• [TASK]: From the line with "Artis peran Teuku Wisnu." to the line with "Einzelbehandlungsraum – Bild 6", retype every line exactly, including those two, and leave out the rest of the data below.

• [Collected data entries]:
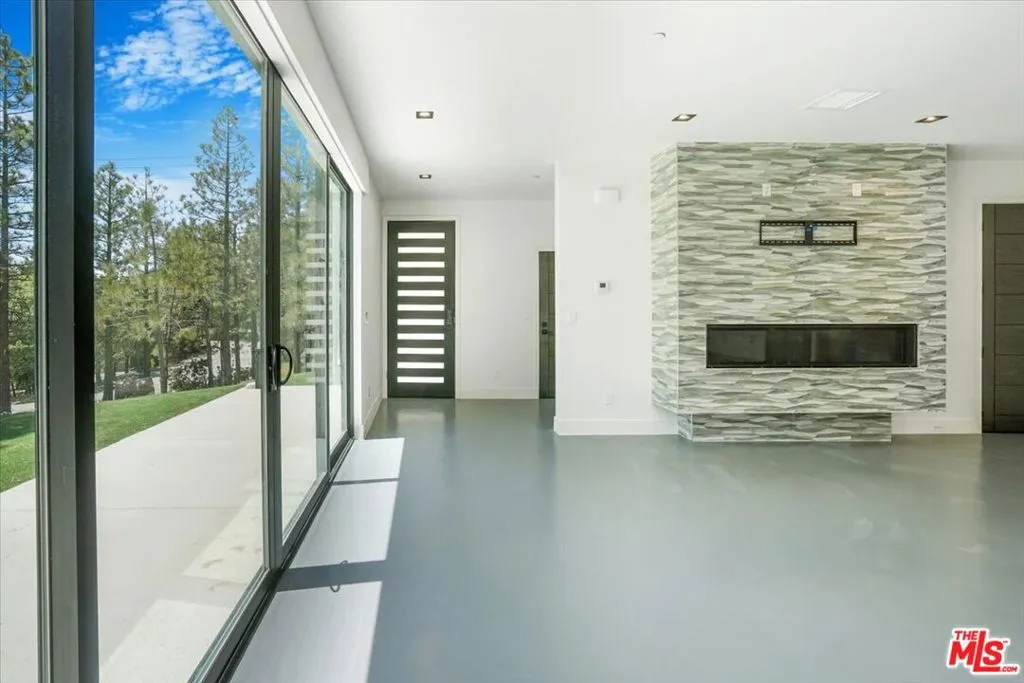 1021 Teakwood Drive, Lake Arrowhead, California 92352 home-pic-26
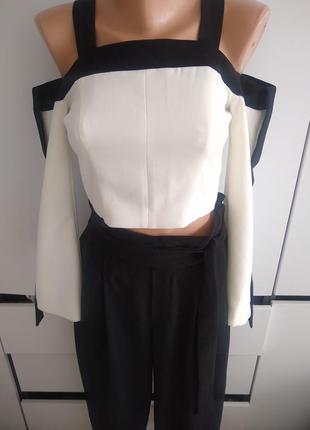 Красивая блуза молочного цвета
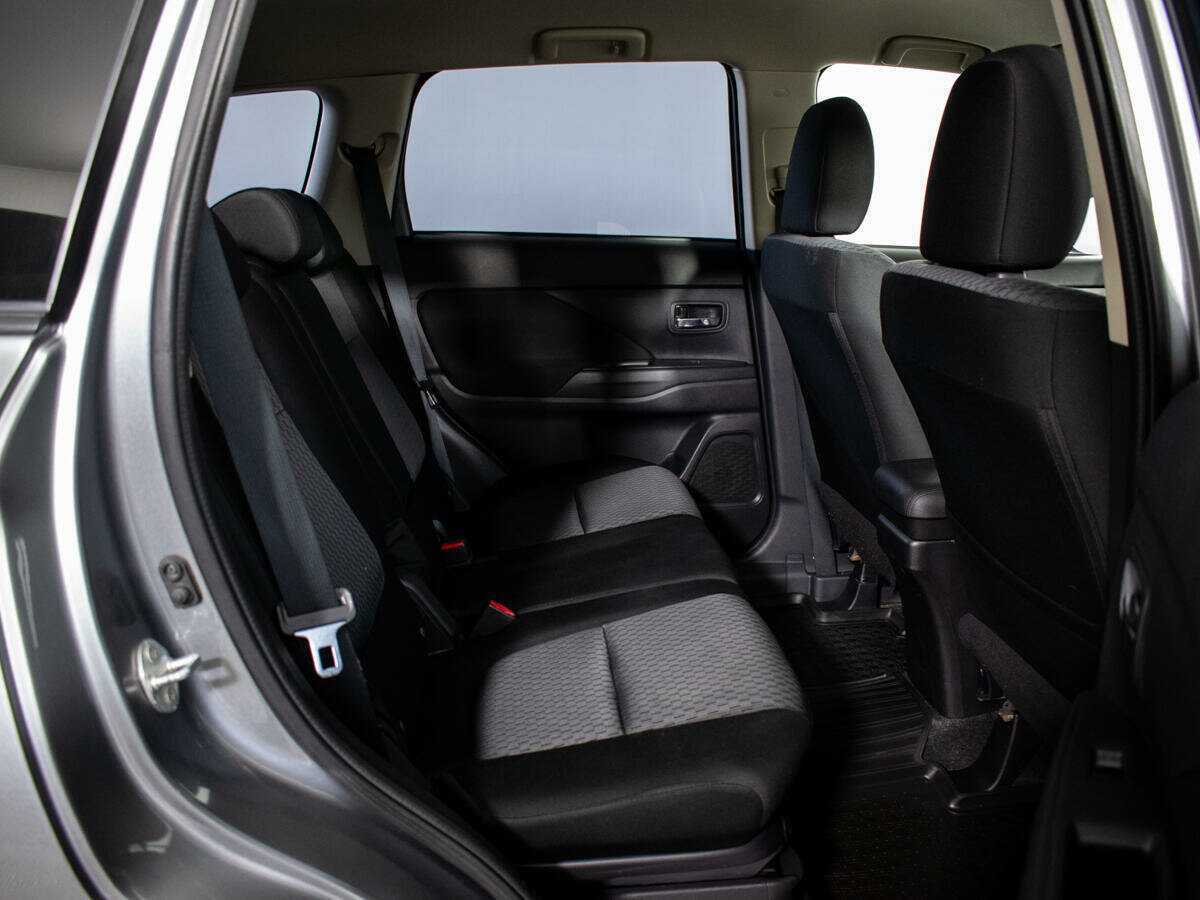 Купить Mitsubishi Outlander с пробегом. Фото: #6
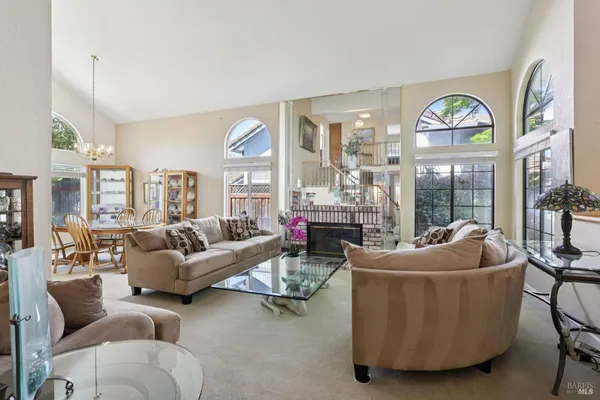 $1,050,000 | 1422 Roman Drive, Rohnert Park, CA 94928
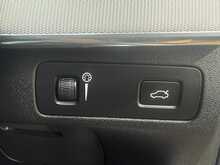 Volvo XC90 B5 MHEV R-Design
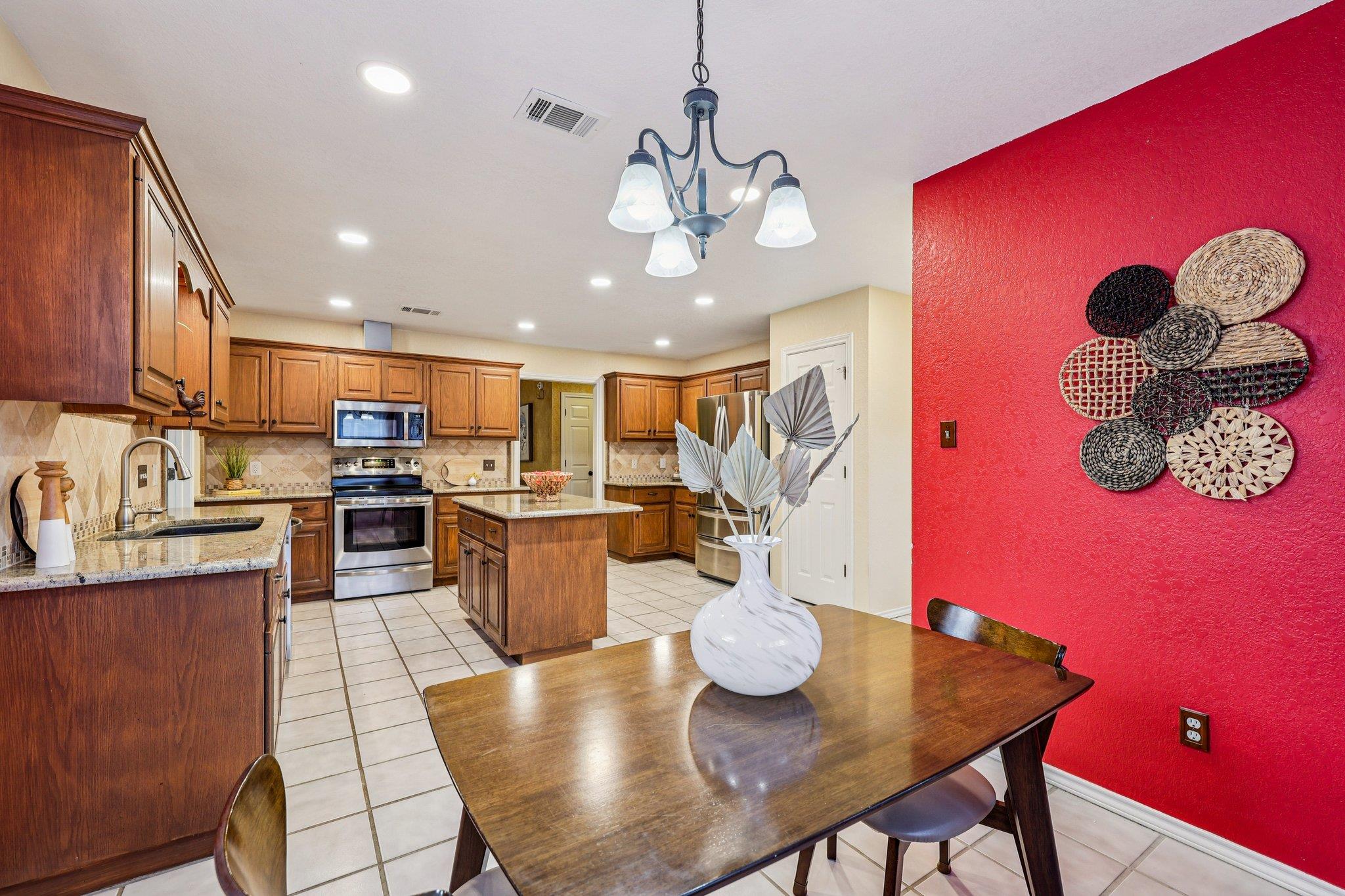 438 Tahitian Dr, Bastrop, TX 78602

* * *

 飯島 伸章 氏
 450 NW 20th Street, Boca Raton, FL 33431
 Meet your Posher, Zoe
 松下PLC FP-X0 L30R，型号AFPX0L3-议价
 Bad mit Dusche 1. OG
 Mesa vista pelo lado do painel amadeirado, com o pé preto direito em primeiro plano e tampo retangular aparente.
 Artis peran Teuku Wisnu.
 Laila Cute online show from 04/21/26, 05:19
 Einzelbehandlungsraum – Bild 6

...

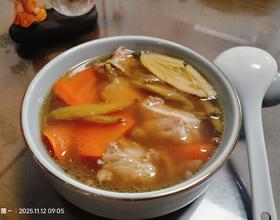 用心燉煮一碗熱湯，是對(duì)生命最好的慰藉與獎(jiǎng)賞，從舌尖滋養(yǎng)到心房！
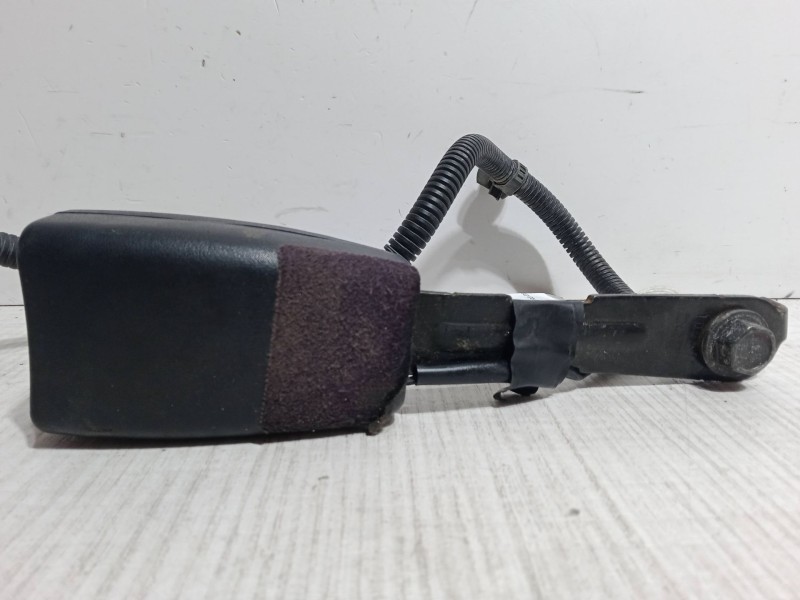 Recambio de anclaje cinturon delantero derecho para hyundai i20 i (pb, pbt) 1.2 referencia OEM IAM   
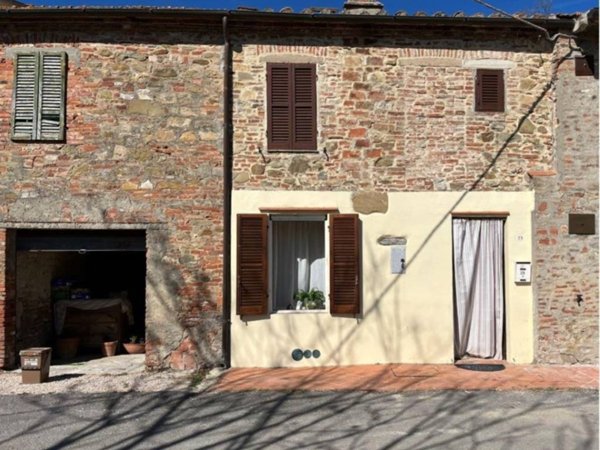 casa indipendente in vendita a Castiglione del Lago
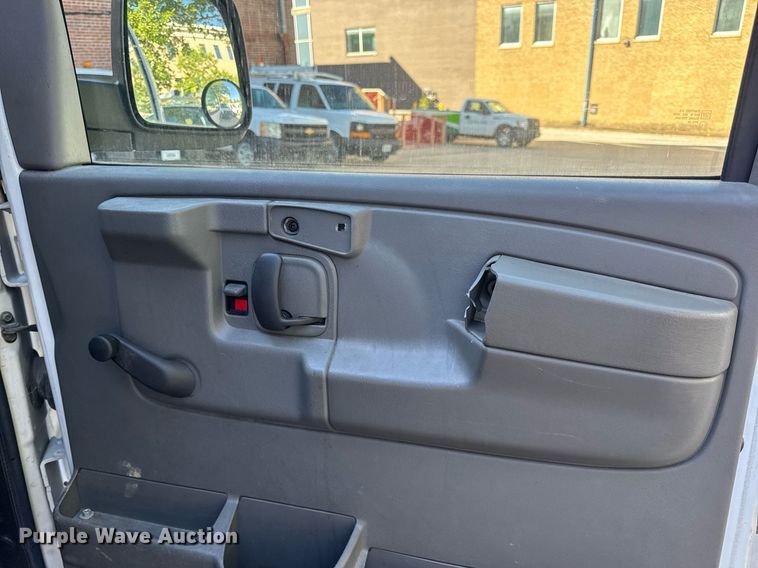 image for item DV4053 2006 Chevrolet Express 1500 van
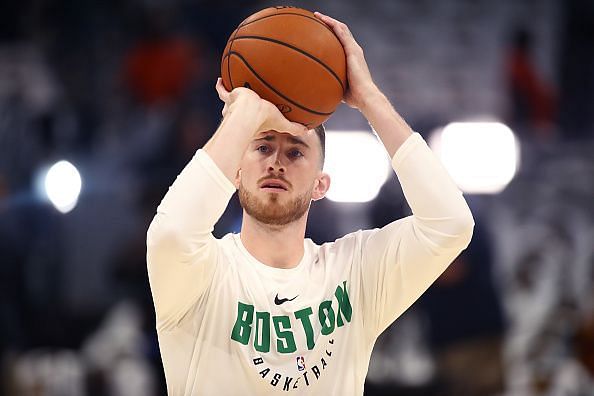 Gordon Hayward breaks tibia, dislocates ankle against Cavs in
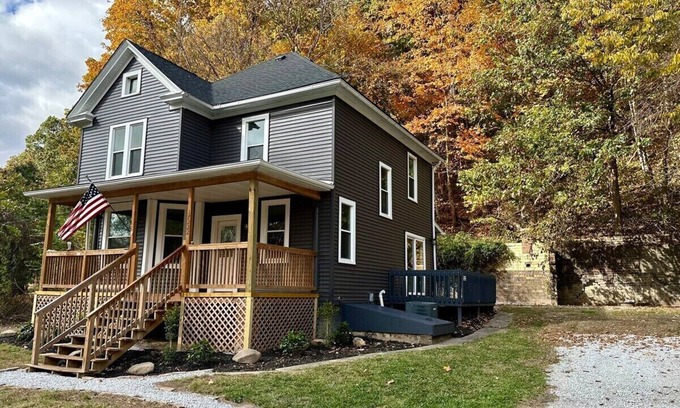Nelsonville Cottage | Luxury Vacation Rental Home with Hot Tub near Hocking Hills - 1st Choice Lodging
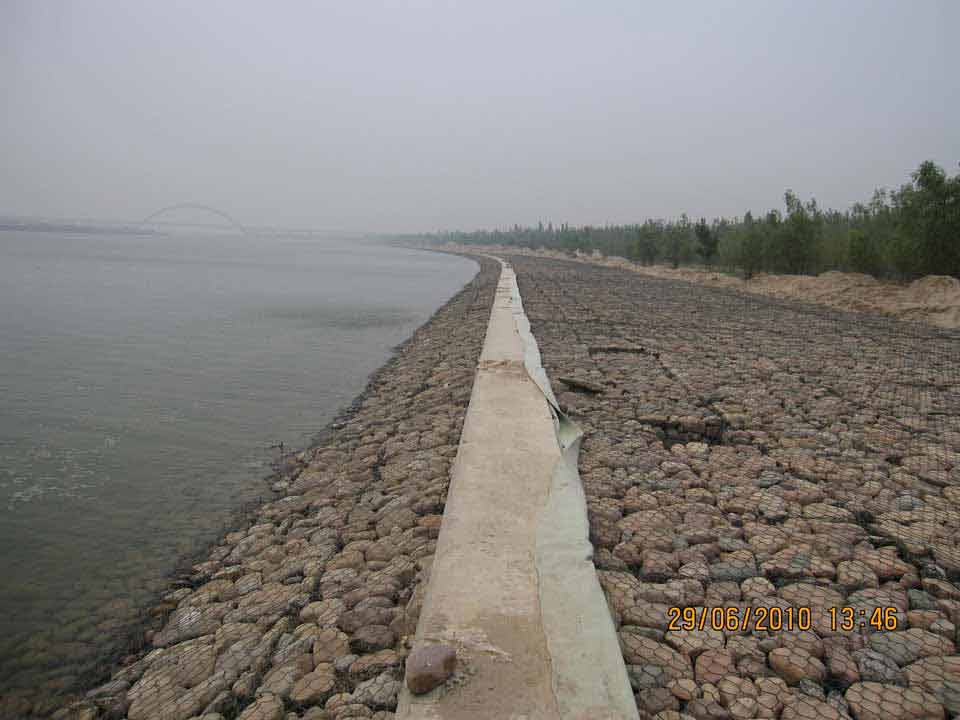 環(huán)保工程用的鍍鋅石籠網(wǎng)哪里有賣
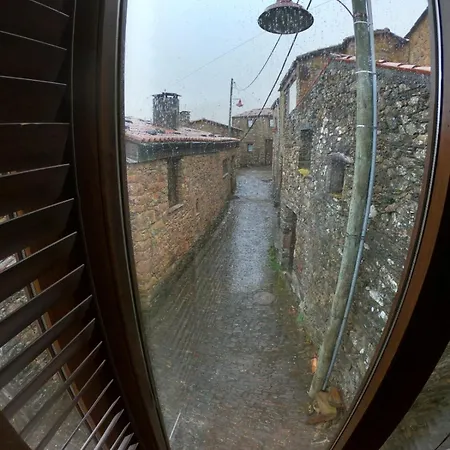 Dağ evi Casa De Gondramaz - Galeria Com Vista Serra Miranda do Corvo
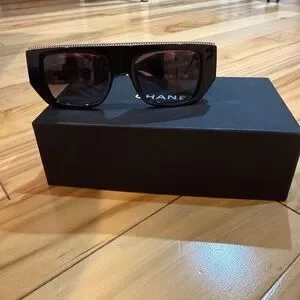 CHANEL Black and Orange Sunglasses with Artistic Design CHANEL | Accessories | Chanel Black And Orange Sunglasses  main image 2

• [ANSWER]:
 Artis peran Teuku Wisnu.
 Laila Cute online show from 04/21/26, 05:19
 Einzelbehandlungsraum – Bild 6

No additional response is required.